In 2018, American Psychologist published an article by Professor Etzel Cardeña which systemically reviewed the evidence for psi phenomena, examining over 750 discrete studies. Cardeña concluded that there was a very strong case for the existence of psi, writing that the evidence was ‘comparable to that for established phenomena in psychology and other disciplines’ (2018, p.663). A
commentary on the article from the British Psychological Society’s Research Digest reported, ‘on this basis, it is arguable that, as much as any other field of psychology, there is at least something meriting investigation.’
In a response to Cardeña, the sceptics Arthur Reber and James Alcock (2020) simply argued that his conclusions couldn’t be valid because psi was theoretically impossible. ‘Claims made by parapsychologists cannot be true … Hence, data that suggest that they can are necessarily flawed and result from weak methodology or improper data analyses’ (2020, p.391).

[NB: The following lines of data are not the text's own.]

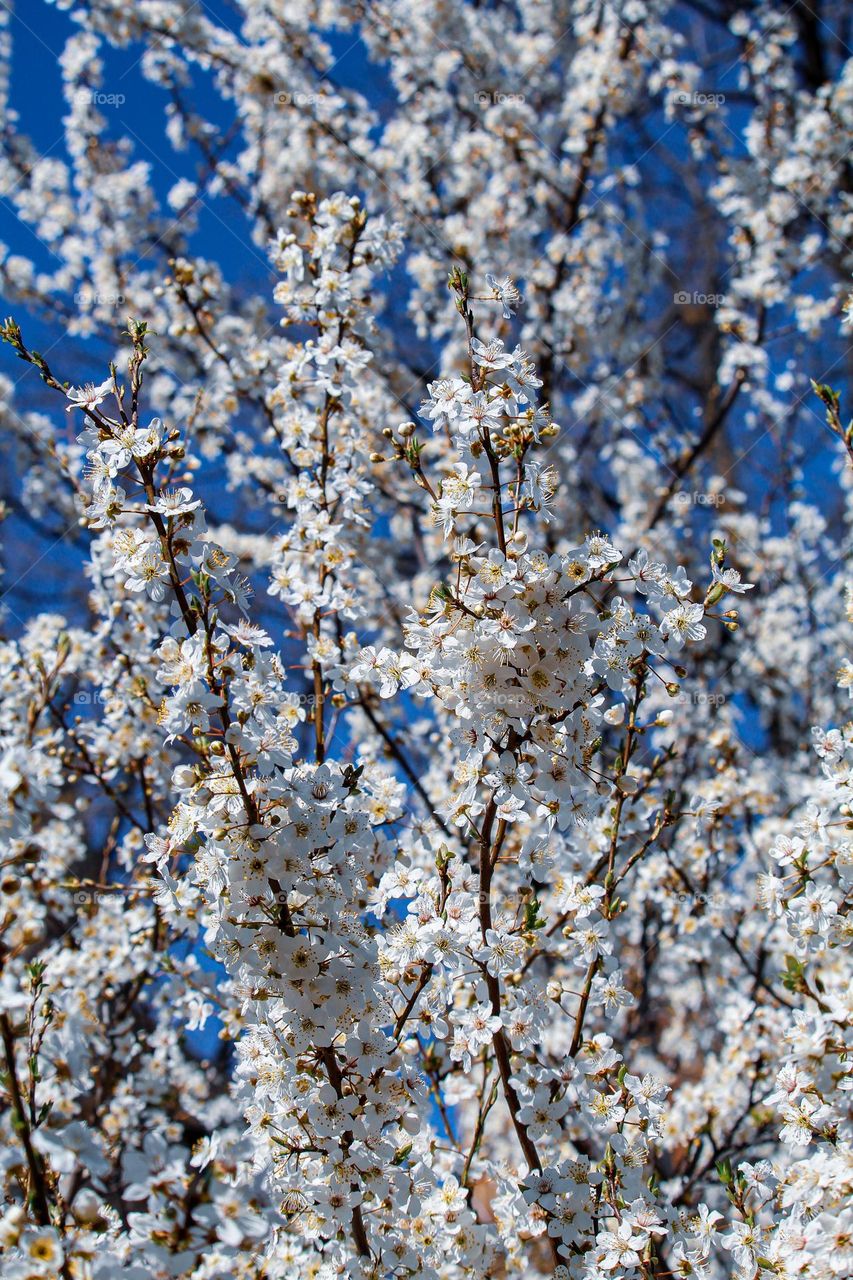 A blooming spring tree in white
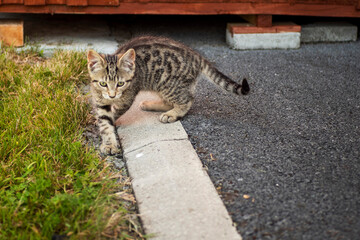 Small little kitten with tiger pattern fur in a backyard.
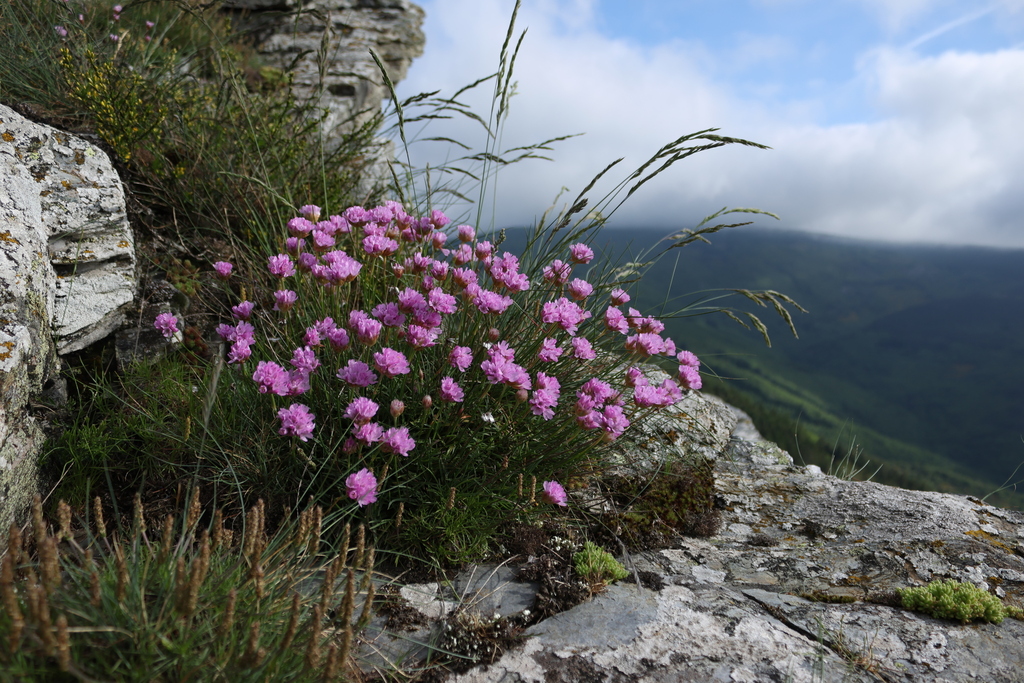 Armeria malinvaudii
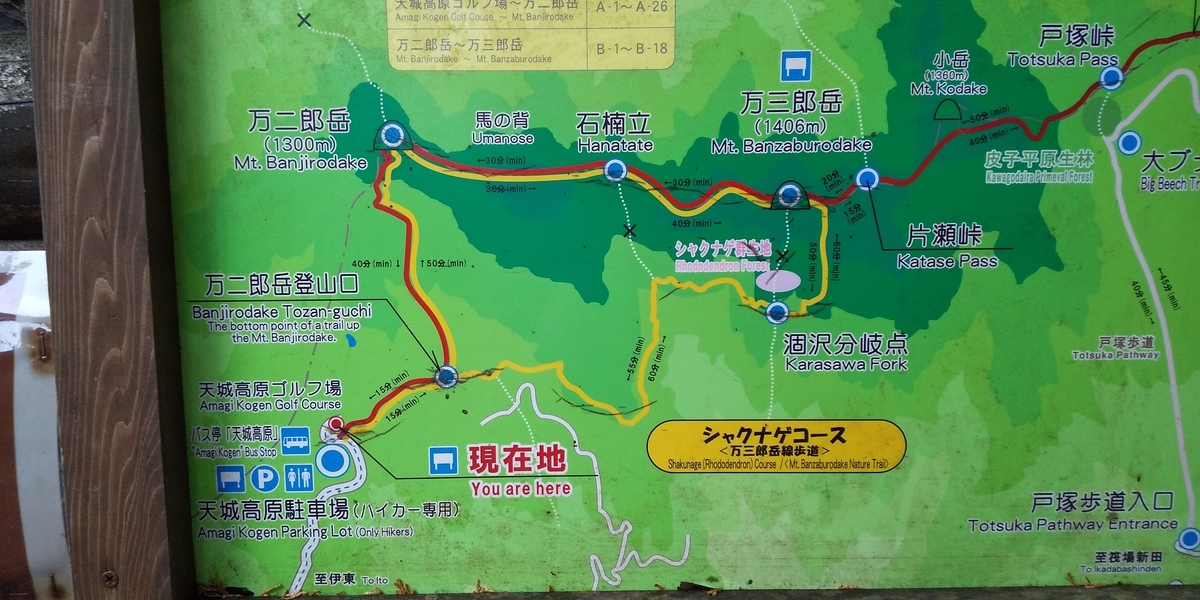 f:id:ponsuke_tarou:20201124202056j:plain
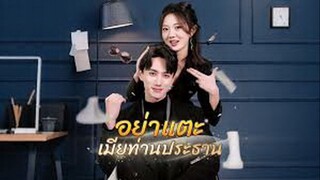 อย่าเเตะเมียท่านประธาน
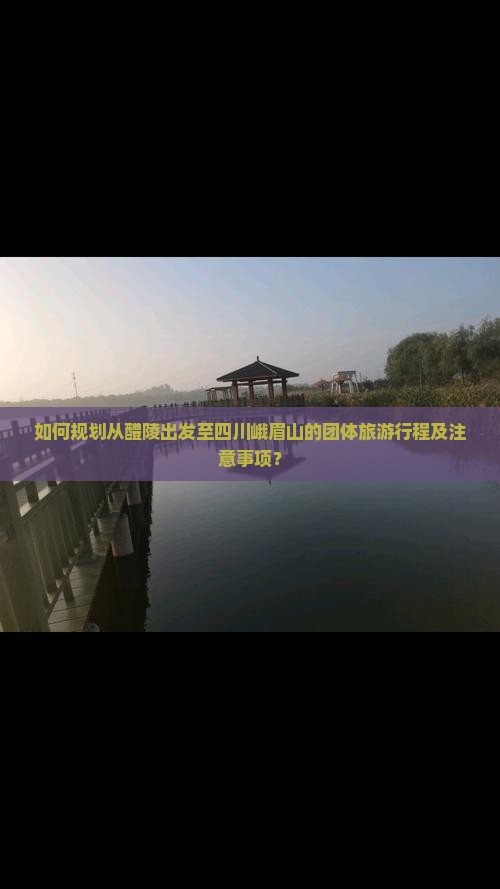 如何规划从醴陵出发至四川峨眉山的团体旅游行程及注意事项？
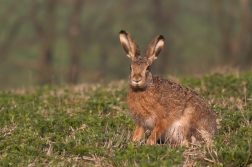 Zajíc polní ( Lepus europaeus )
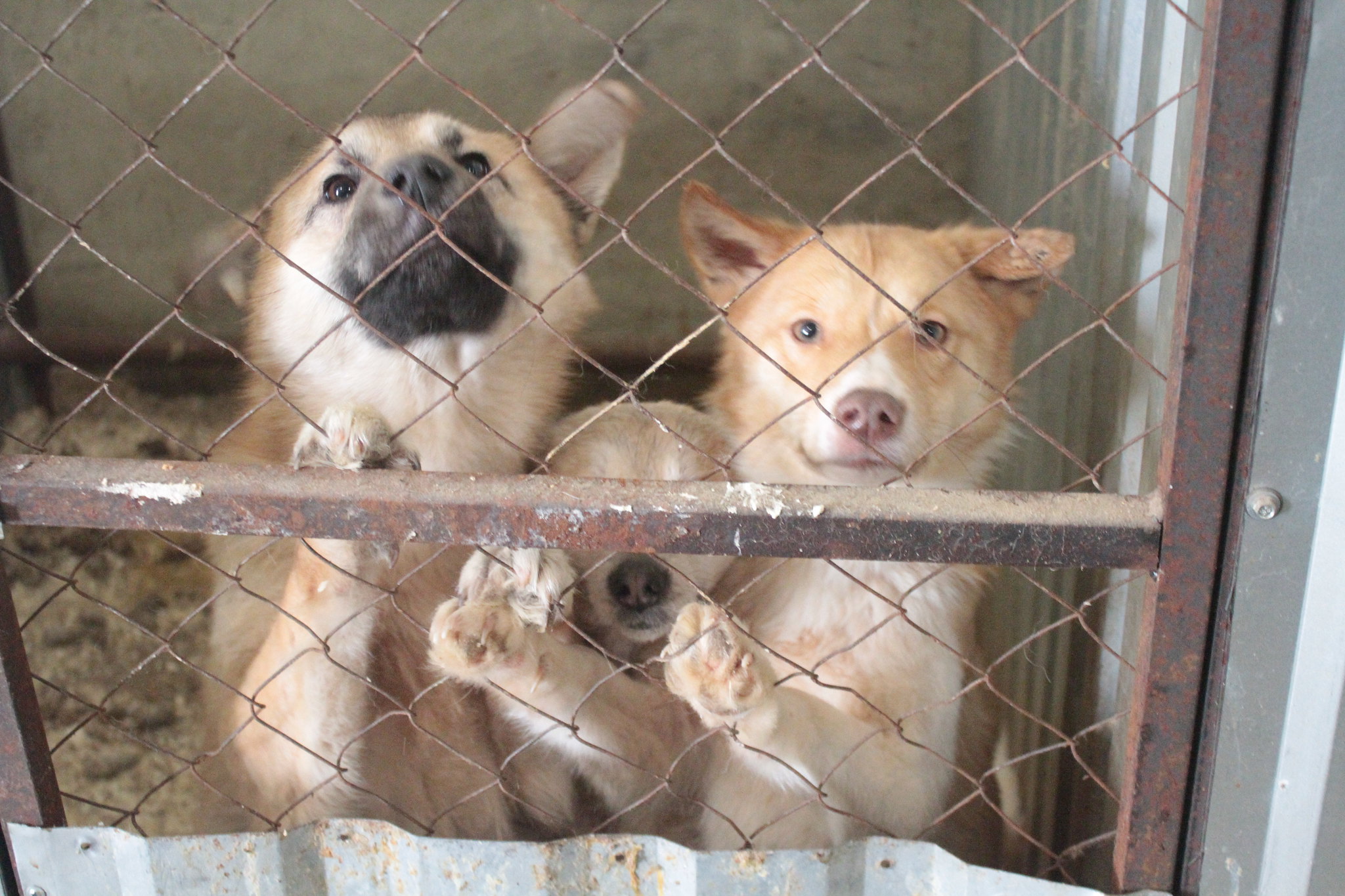 В серовской «Родине» подвели первые итоги благотворительной акции в поддержку бездомных животных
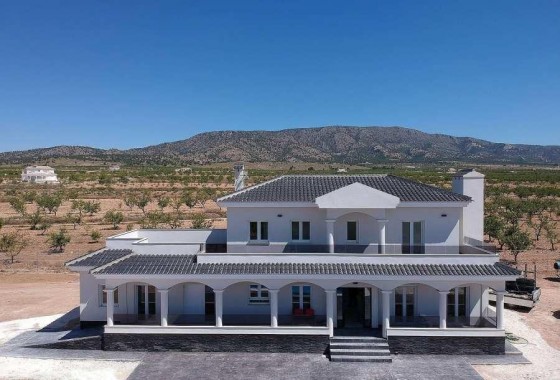 Villa - New Build - Pinoso - NB-91552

Like other sceptics, they simply argued that if psi were true, we would have to rewrite the laws of science.
One argument in response from psi researchers is that there are many theories and concepts in quantum physics that allow for the possibility of psi, such as entanglement and non-locality (although this doesn’t necessarily mean that psi can be explained in these terms). In these terms, psi is not against the laws of science at all.
In this debate, we turn to two of the UK’s leading commentators and researchers in the field of psi, Professor Chris French and Professor Chris Roe. The specific question we asked them to debate is: Will the debate about the existence of psi ever be settled?
Chris French (Emeritus Professor and Head of the Anomalistic Psychology Research Unit, Department of Psychology, Goldsmiths, University of London; author of The Science of Weird Shit: Why Our Brains Conjure the Paranormal)
The short answer to this question is as follows: if psi really does exist, then potentially the debate about its existence may one day be settled; if not, then the debate will probably rumble on forever without ever being resolved.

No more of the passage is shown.